* WHAT YOU SHOULD DO: Each line from the one with "After you click" through the last line below must be written out exactly. Do not copy pictures.

* RECORDS TO PROCESS:
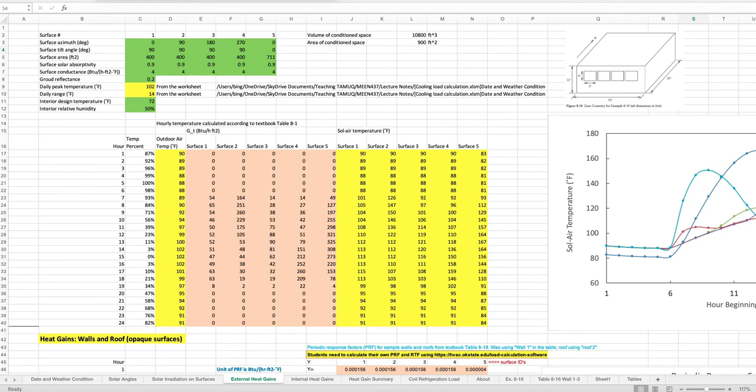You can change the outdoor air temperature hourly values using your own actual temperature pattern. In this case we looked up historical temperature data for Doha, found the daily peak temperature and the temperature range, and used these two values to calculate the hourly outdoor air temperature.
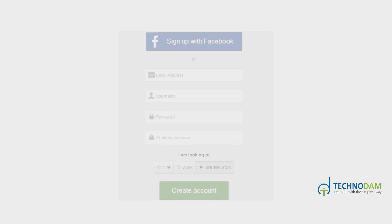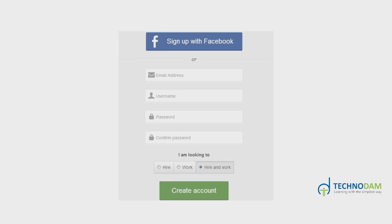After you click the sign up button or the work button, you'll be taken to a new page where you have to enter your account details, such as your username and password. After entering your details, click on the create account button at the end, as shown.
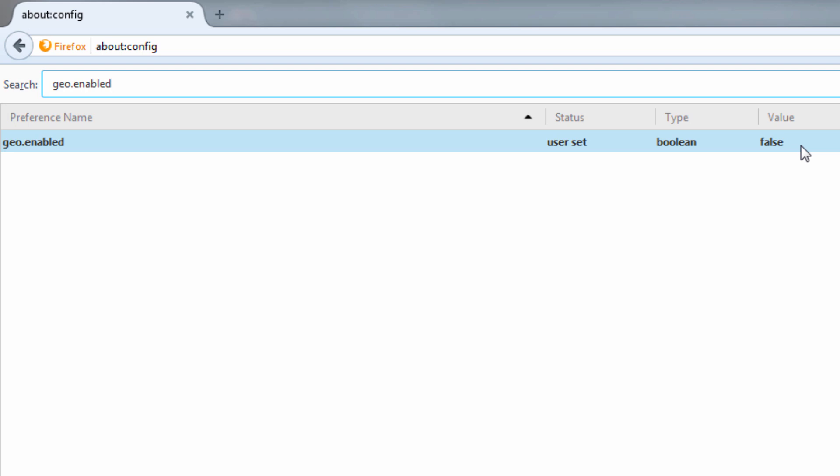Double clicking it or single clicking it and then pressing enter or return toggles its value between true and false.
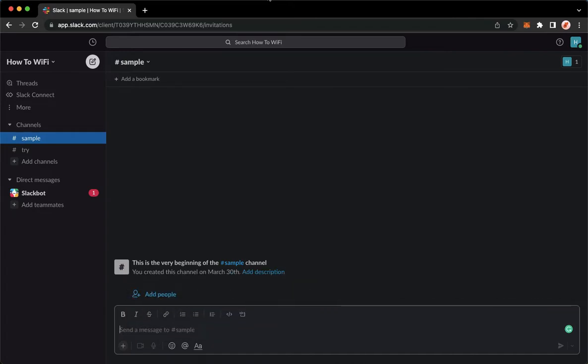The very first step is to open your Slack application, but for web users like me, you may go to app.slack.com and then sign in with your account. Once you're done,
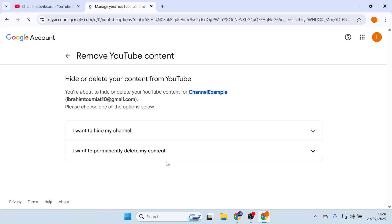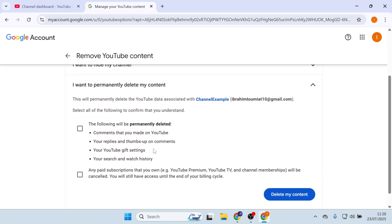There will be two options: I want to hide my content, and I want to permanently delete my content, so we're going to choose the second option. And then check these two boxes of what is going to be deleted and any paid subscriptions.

* EXPECTED OUTPUT:
After you click the sign up button or the work button, you'll be taken to a new page where you have to enter your account details, such as your username and password. After entering your details, click on the create account button at the end, as shown.
Double clicking it or single clicking it and then pressing enter or return toggles its value between true and false.
The very first step is to open your Slack application, but for web users like me, you may go to app.slack.com and then sign in with your account. Once you're done,
There will be two options: I want to hide my content, and I want to permanently delete my content, so we're going to choose the second option. And then check these two boxes of what is going to be deleted and any paid subscriptions.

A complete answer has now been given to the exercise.